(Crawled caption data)
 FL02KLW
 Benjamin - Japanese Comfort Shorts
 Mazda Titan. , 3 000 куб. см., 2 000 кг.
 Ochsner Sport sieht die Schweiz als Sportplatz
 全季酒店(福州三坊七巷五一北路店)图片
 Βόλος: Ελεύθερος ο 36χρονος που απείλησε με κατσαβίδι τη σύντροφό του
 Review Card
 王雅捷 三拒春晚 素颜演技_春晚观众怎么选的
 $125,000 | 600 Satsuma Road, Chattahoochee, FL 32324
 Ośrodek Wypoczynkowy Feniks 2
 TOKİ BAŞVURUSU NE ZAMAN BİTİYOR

◆ **Your task**:
What is needed is an exact, complete copy of the entries above.

◆ **Answer to this problem**:
 FL02KLW
 Benjamin - Japanese Comfort Shorts
 Mazda Titan. , 3 000 куб. см., 2 000 кг.
 Ochsner Sport sieht die Schweiz als Sportplatz
 全季酒店(福州三坊七巷五一北路店)图片
 Βόλος: Ελεύθερος ο 36χρονος που απείλησε με κατσαβίδι τη σύντροφό του
 Review Card
 王雅捷 三拒春晚 素颜演技_春晚观众怎么选的
 $125,000 | 600 Satsuma Road, Chattahoochee, FL 32324
 Ośrodek Wypoczynkowy Feniks 2
 TOKİ BAŞVURUSU NE ZAMAN BİTİYOR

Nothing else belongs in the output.